Exercise brief ::
From the records below, print only the part that opens with the line containing "Survive Viral Times" and closes with the line containing "GENESIS G90 image 4"; omit the pictures.

Dataset records ::

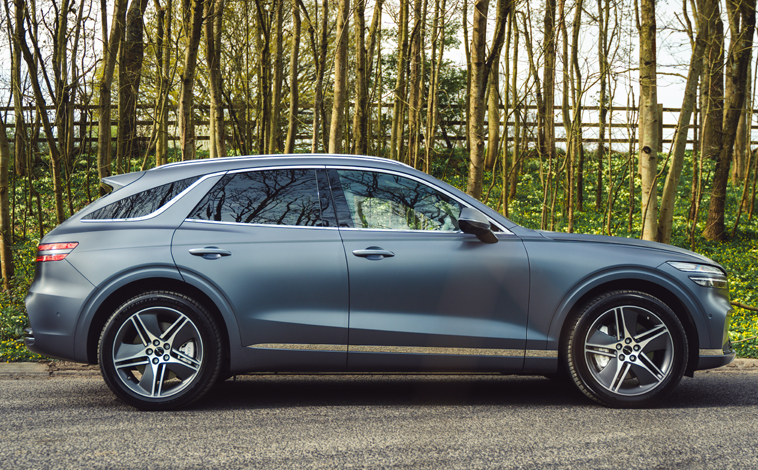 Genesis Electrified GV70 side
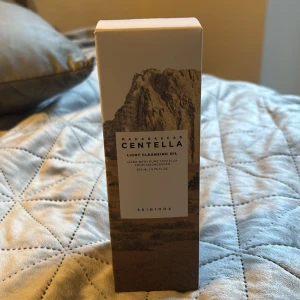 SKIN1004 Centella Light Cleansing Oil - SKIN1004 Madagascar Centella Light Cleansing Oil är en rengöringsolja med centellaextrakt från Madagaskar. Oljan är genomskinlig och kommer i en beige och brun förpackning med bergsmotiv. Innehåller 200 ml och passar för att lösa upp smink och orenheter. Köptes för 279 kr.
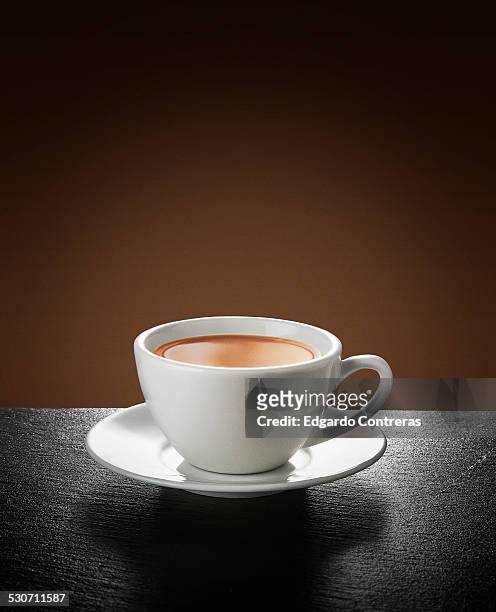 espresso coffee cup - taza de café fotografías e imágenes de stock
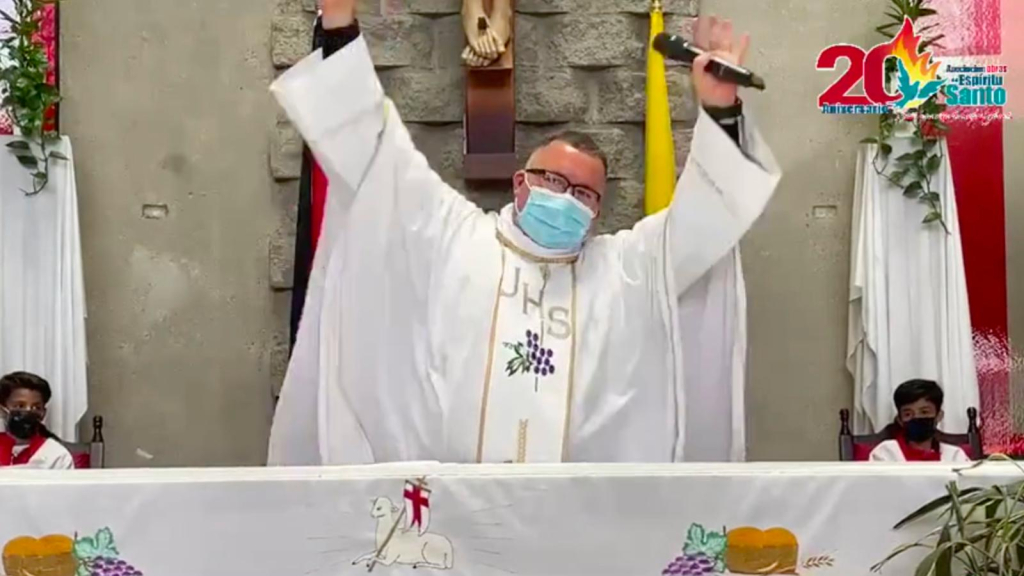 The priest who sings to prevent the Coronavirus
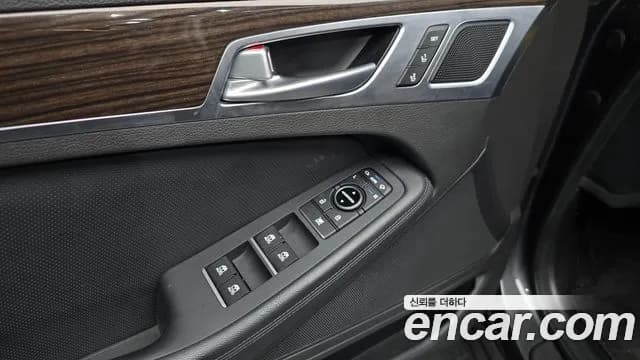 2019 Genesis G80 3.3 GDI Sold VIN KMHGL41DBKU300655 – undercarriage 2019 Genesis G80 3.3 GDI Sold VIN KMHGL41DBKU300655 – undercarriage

==

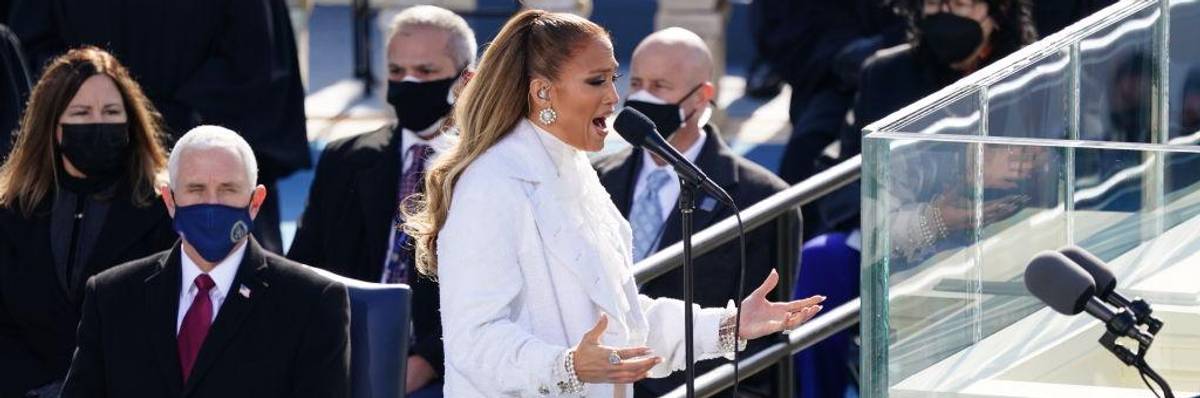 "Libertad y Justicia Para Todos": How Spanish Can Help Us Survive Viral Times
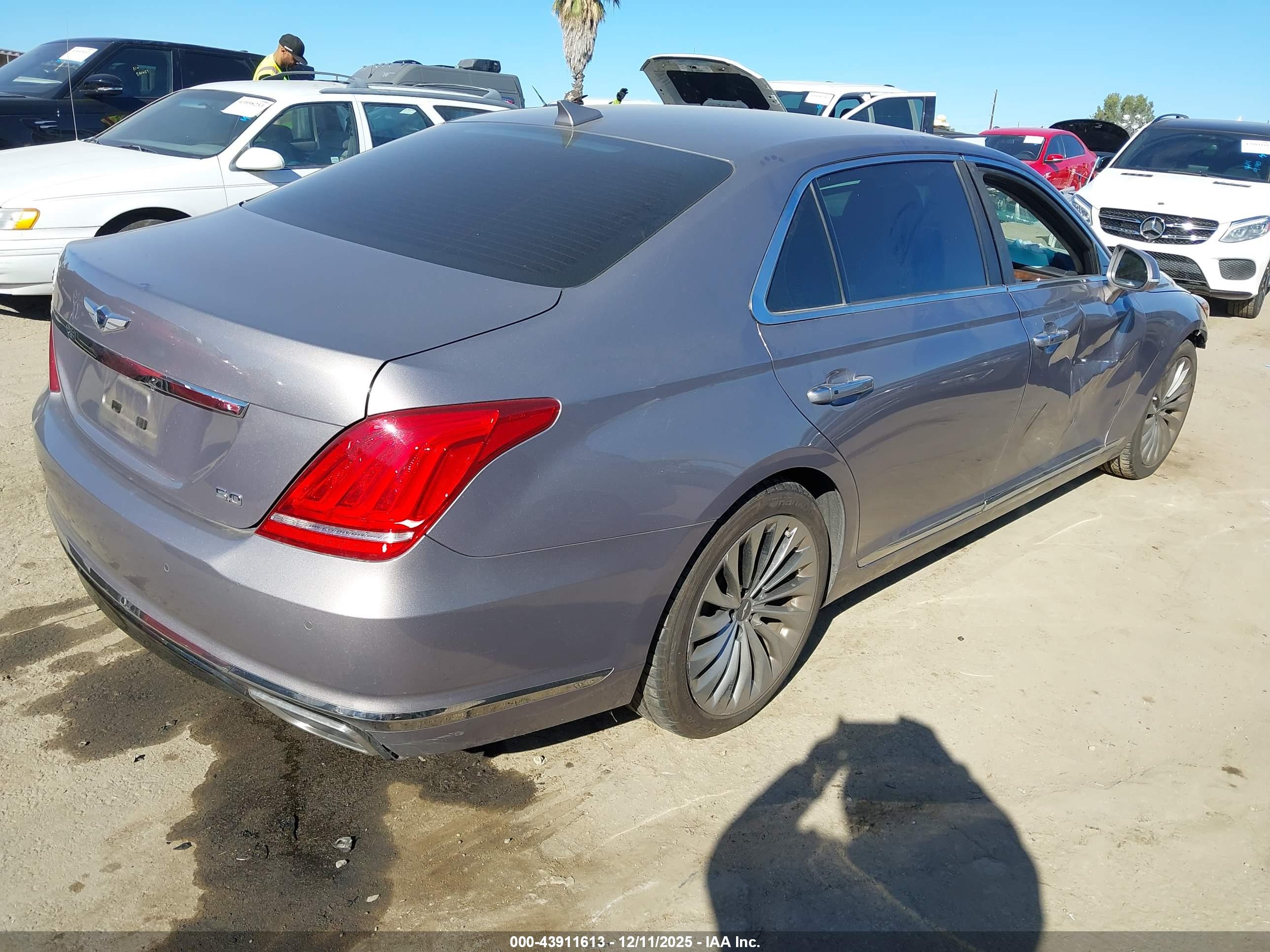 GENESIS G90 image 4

* * *

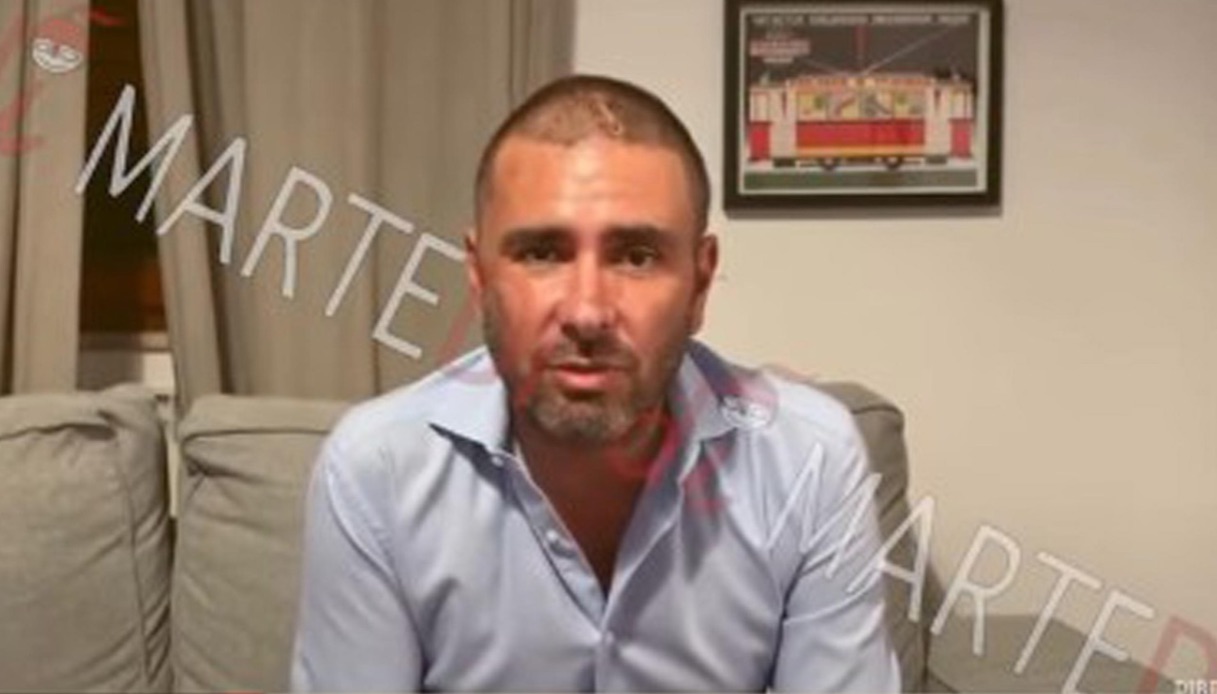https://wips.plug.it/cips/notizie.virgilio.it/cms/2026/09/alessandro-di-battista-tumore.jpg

Response ::
 "Libertad y Justicia Para Todos": How Spanish Can Help Us Survive Viral Times
 GENESIS G90 image 4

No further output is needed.